What Is Discretionary Parole?

Parole is something that does not come without obligations attached. Discretionary parole is quite common and is determined by a judge. A judge will stipulate certain conditions that must be met to remain outside of prison and then a judge will have the final say on any proposals at the individual's parole hearing regarding the terms and conditions of their parole agreement.

How Do Fourth Amendment Protections Impact Parole?

The Fourth Amendment is essential to be aware of when discussing parole. In the United States, the Fourth Amendment protects against unjustified searches and seizures that violate an individual's liberty. This amendment is one that is taken quite seriously compared to other Amendments in the United States since it is directly applied to arrests within the United States that are happening every day. When an individual is on parole, they do have a portion of their Fourth Amendment rights waived because individuals on parole do need to be randomly searched. These searches can be quite common if the individual has a history of violence or substance abuse. Individuals on parole can have their property, including their home, searched to verify that they are not violating the terms of their parole. If the search recovers illegal items, it is possible that the individual on parole will incur additional criminal charges as a result.

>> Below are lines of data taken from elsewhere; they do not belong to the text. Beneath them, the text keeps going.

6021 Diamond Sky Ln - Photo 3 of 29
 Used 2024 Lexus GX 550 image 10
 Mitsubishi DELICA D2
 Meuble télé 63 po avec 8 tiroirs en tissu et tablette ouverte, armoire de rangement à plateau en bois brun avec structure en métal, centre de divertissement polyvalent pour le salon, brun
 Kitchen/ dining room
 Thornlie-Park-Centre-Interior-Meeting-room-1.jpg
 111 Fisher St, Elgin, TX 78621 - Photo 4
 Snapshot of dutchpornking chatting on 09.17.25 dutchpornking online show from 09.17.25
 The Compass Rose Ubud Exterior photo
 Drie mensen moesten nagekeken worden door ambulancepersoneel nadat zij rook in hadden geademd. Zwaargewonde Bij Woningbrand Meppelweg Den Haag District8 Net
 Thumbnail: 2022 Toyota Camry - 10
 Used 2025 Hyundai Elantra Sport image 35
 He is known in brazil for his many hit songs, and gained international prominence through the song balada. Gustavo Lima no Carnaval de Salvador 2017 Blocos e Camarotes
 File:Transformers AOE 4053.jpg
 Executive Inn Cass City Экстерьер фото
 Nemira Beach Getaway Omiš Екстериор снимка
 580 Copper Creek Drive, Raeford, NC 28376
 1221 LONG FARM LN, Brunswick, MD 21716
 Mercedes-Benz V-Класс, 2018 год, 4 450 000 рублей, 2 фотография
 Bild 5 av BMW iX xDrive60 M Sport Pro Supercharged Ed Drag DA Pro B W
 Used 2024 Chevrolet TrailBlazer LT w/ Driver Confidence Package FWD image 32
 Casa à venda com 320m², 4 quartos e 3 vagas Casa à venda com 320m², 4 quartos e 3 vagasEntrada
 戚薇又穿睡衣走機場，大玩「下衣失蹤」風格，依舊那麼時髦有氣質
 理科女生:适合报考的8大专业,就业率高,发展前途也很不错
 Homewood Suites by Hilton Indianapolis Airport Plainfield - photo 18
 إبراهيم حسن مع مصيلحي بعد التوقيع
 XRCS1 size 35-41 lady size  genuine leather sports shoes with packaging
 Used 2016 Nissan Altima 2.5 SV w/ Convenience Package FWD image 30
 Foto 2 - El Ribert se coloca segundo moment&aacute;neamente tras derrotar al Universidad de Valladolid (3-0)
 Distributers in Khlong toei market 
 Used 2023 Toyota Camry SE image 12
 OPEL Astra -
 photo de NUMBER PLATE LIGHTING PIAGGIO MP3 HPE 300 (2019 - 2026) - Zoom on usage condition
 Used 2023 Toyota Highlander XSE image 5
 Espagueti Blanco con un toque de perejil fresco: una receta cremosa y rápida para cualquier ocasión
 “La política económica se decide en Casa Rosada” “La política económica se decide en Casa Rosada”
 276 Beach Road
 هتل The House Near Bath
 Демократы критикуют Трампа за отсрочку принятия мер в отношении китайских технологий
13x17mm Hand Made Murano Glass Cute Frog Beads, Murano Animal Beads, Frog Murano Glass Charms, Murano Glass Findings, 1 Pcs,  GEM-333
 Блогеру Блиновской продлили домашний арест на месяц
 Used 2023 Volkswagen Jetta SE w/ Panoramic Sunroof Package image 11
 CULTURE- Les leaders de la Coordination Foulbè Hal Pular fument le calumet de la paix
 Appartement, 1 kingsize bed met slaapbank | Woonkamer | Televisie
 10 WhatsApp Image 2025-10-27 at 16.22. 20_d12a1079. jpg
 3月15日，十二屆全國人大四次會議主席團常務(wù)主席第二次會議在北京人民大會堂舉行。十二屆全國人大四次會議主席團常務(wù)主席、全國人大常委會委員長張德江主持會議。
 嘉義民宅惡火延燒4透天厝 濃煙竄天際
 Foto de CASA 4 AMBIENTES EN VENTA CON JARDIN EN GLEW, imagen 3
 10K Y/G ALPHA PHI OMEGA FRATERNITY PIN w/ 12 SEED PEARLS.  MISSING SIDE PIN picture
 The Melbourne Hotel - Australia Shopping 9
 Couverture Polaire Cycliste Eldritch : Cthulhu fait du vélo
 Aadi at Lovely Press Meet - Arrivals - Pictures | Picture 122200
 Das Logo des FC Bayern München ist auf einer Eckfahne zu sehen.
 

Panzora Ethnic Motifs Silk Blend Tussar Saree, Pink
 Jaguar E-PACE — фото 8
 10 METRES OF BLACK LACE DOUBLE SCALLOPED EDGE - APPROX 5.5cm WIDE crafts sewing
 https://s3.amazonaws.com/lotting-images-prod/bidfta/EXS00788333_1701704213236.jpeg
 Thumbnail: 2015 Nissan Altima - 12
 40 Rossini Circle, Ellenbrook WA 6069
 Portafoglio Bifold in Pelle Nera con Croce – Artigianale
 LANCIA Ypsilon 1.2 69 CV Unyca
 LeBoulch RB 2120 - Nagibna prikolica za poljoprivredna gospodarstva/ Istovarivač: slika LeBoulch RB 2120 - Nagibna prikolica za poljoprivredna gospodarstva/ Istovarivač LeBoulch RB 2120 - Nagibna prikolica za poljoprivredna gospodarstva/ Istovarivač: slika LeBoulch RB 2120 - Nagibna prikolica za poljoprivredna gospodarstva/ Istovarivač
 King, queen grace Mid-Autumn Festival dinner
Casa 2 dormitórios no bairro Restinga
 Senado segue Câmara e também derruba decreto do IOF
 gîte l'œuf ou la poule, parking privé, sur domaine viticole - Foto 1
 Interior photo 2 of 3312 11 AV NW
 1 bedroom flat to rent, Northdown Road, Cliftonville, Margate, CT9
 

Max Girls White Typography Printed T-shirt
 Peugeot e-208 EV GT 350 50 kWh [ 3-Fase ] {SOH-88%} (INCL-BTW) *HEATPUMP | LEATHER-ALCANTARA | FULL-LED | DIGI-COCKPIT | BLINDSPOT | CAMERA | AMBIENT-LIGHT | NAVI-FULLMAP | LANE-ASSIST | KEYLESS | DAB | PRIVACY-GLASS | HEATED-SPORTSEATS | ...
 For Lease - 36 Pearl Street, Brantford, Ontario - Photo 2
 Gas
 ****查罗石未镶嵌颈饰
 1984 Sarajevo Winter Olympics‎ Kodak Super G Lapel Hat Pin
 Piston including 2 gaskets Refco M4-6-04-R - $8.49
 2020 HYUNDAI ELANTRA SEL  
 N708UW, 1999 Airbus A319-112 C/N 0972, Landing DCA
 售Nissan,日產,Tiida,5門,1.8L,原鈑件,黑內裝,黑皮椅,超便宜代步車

Parole is something that is an excellent gift to first-time offenders. It is vital to understand the parole options being provided to you thoroughly and to follow those options carefully. If you fail to do so, you may end up extending your original prison sentence and incurring additional criminal charges. If you do not understand your parole agreement, then it is wise to speak to an attorney to be sure that you have a comprehensive understanding of what is expected of you when you leave prison. Those individuals that use parole to have a second chance are the ones that end up having a great deal of long-term success as a result. Be sure to understand your parole agreement carefully and follow its regulations to start a new and productive chapter of your life.

Parole Glossary Definition

Parole is when a defendant is released early from their sentence to reintegrate themselves into society to have a fresh start. Individuals are usually not eligible for parole until they have served at least one-third of their sentence. Individuals who violate their parole terms end up having more severe criminal penalties in the future. Judges stipulate expectations of parole agreements, and it is essential that individuals on parole follow their parole instructions carefully.